- **TASK DESCRIPTION**
Using the records below, write out again exactly the lines that begin at the line containing "Snack Monsters Wrapper" and end at the line containing "Tommy Hilfiger Co", and no other lines.

- **DATA LISTING**
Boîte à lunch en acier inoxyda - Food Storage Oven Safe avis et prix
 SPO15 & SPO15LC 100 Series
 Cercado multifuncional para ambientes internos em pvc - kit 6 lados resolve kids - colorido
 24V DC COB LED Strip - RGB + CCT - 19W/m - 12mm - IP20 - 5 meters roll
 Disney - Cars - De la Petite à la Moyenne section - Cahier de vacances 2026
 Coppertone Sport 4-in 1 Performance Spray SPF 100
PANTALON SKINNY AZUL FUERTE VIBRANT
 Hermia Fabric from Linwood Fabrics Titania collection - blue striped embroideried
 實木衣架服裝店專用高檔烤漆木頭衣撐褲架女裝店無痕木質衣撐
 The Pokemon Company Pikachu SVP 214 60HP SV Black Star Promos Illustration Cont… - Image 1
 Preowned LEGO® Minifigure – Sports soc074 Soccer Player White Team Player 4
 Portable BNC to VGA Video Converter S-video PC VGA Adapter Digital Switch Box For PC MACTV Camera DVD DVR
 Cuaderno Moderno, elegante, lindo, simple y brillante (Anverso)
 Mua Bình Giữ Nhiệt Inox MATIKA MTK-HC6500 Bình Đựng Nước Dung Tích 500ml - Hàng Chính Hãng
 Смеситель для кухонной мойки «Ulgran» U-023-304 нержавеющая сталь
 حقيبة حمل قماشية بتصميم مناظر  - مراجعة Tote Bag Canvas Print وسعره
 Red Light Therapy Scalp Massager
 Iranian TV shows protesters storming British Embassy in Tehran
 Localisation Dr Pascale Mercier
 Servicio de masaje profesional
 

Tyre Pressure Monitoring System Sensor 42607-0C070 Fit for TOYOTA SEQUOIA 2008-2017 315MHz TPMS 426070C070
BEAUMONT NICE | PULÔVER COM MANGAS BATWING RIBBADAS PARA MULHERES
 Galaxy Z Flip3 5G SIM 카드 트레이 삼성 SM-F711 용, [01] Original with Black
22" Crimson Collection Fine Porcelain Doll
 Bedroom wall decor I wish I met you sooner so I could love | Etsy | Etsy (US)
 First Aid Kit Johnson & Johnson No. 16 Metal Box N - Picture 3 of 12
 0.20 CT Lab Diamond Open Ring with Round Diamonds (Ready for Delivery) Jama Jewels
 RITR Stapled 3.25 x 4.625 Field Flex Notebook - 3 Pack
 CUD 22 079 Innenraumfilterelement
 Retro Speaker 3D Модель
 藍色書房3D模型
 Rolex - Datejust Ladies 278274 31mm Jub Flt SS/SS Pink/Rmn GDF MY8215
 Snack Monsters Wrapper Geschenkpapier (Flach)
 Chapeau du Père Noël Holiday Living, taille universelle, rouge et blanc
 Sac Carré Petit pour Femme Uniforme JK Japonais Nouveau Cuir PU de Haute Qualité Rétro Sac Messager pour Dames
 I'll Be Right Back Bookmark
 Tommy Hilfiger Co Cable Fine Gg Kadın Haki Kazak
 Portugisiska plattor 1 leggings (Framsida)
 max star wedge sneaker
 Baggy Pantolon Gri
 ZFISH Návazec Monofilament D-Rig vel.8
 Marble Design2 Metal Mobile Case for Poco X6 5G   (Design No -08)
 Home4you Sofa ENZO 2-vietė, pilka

- **THE COMPLETED TASK**
 Snack Monsters Wrapper Geschenkpapier (Flach)
 Chapeau du Père Noël Holiday Living, taille universelle, rouge et blanc
 Sac Carré Petit pour Femme Uniforme JK Japonais Nouveau Cuir PU de Haute Qualité Rétro Sac Messager pour Dames
 I'll Be Right Back Bookmark
 Tommy Hilfiger Co Cable Fine Gg Kadın Haki Kazak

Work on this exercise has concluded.